As you manage your classroom, consider the following elements:



Management involves a wide range of functions related to website development. Let's explore policies, promotion, and staffing.


Policies are a pain to write and maintain, but they are essential for a smooth running school, library, or website.

Rather than building all new policies, see how your website issues might be addressed using current center policies. For example, you already have a collection development policy. How do web resources fit into this policy? An appendix or the addition of a sentence may be all that you need.

Some people may ask, why bother? It's the same reason you build your house to withstand an earthquake. Be prepared for the worst. In the case of a website, the worst might be a challenge to website content.

Collection Development Policy

Like the books you select, the web resources you choose should meet the guidelines established in your collection development policy. For example, if you're working with young children, you'll want to consider readability and developmentally appropriate materials.

Acceptable Use Policy

You need a policy related to acceptable use of your school or library computers. Although you might start out by quoting the ALA policy on freedom of information, you may also describe the individual's responsibility. Some schools and libraries use filters. A policy should state how these filters are used.

Licensing Policy

Many of your electronic materials have specific licensing guidelines. In other words, some subscription services must be used on library or school computers. In some cases, a password may be given to local users only. Be sure to check your subscription agreement before you open a resource to the general public.

If your policies require you to restrict access, read the links at the Remote User Authentication in Libraries.

Content Disclaimer

No matter how often you update your website, there will always be broken links and links you are unable to control. Your disclaimer should clearly state that you are responsible for the content created by your library or school, but not the external links. Always provide an email link, so people can email you broken links or content concerns.


Do your students, parents, or patrons visit your site regularly? Do they even know it exists? You need a plan for website promotion.

Read Marketing Your Organization's Web Site by J. Cravens to learn about some of the issues in site marketing. Written from the perspective of an online business, The Web Marketing Checklist: 32 Ways to Promote Your Website by R. F. Wilson contains useful strategies that can be used by libraries and other organizations.

Like any good promotion, you need a strategy to establish your client base, then keep them coming back. You might start with posters, bookmarks, demonstrations, and public service announcements to advertise your resources. Next, be sure that people know that new things are being posted all the time.
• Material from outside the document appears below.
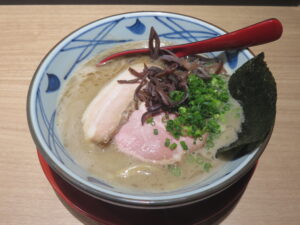 豚骨 太麺（並盛）@自家製麺 いけだ（京成幕張駅）ビジュアル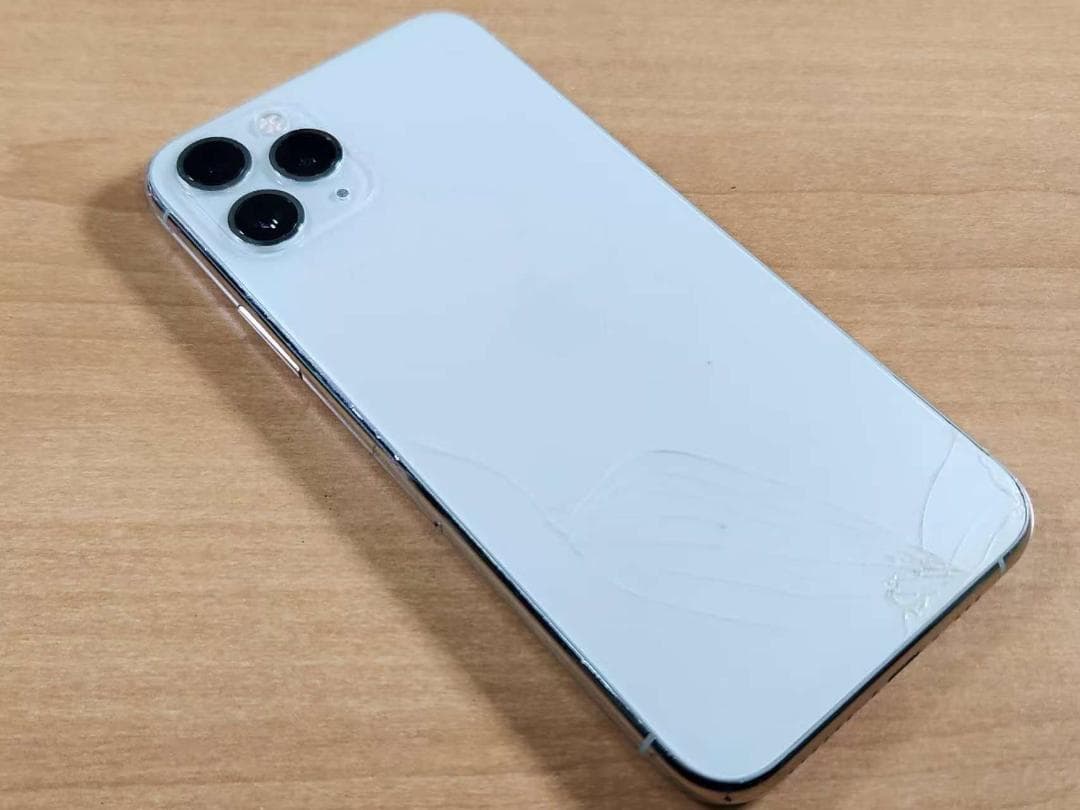 020700I iPhone 11 Pro A2215 256GB ジャンク品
Posting student projects, user comments, and other local materials are a good way to generate interest. Can you get others involved? For example, develop a relationship with a local grocery store or community group. Then, list them as sponsors for special projects.


Everyone on the school or library staff should be familiar with the content and use of the website. Although not everyone will be developing and posting pages themselves, everyone should be encouraged to play a role in the success of the materials. From content development to checking links, there are many ways staff members can help. A truly interactive website may require a number of ongoing responsibilities such as checking email, monitoring discussion groups, or checking online registrations or scheduling.

In order for staff to play an active role, you may need to set up training sessions. You can do the same with student workers. Consider very short training sessions that focus on specific topics such as using the digital camera, resizing photographs, or answering email questions.